ABOUT THIS EXERCISE: An exact transcription is needed of the lines below from the one with "PK TAX ADVICE" through the one with "Imagem Casa de", with no other lines and no pictures.

GIVEN RECORDS:
•••
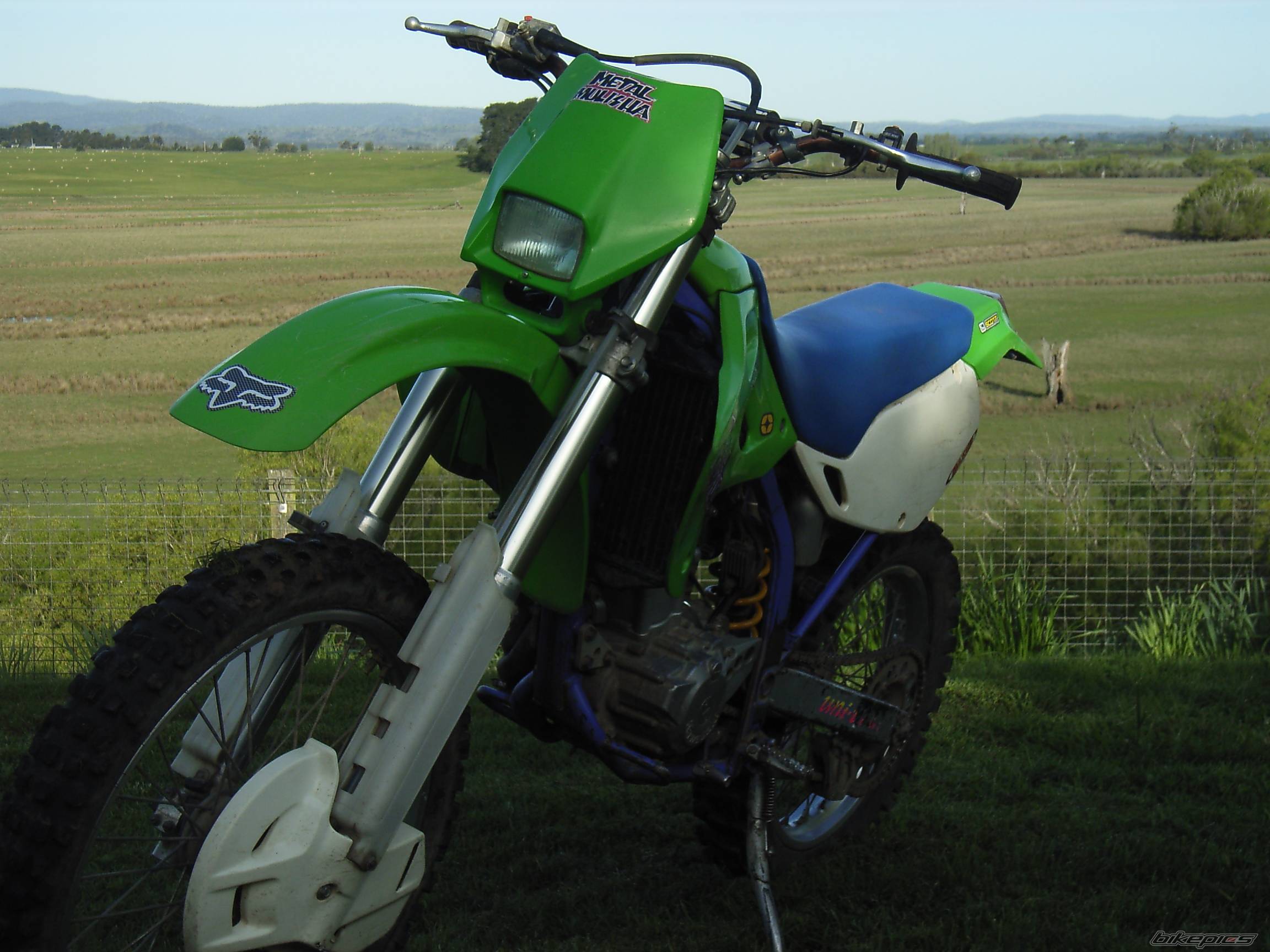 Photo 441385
•••
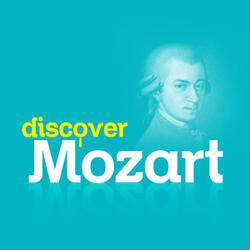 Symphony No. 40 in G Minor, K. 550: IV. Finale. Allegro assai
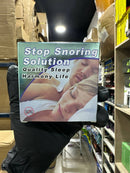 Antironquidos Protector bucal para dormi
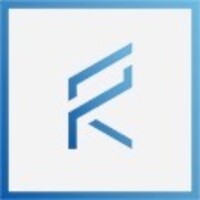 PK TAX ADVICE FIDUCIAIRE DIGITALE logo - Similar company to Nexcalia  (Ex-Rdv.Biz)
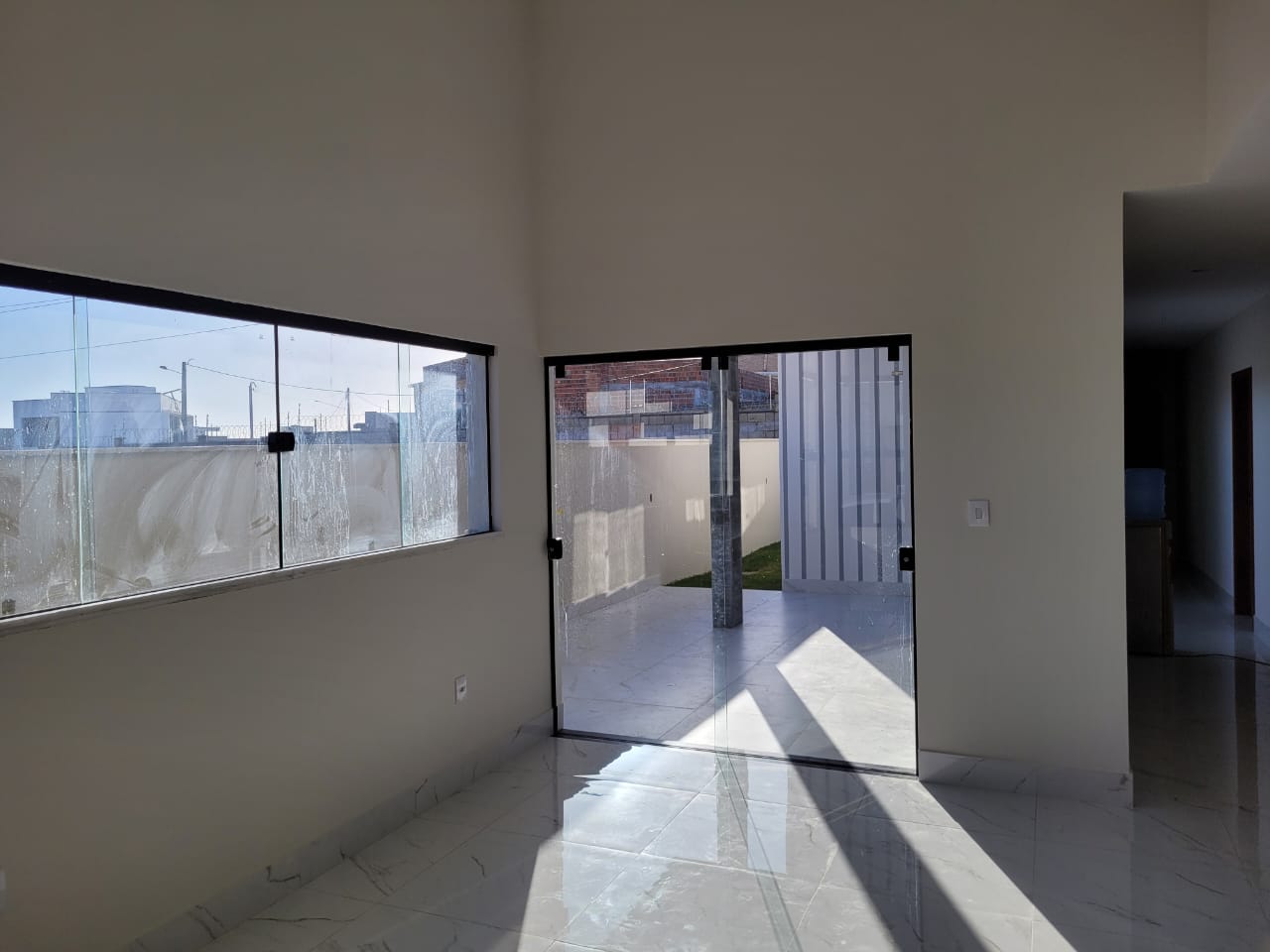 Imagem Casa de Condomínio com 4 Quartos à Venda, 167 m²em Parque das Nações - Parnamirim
•••
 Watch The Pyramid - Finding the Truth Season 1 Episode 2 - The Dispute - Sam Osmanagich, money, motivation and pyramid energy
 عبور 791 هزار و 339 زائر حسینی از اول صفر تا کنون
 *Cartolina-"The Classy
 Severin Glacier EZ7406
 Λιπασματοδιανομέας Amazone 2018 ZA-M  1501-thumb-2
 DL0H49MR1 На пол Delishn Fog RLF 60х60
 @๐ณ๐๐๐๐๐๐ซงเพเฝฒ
•••
ANSWER SPACE:
 PK TAX ADVICE FIDUCIAIRE DIGITALE logo - Similar company to Nexcalia  (Ex-Rdv.Biz)
 Imagem Casa de Condomínio com 4 Quartos à Venda, 167 m²em Parque das Nações - Parnamirim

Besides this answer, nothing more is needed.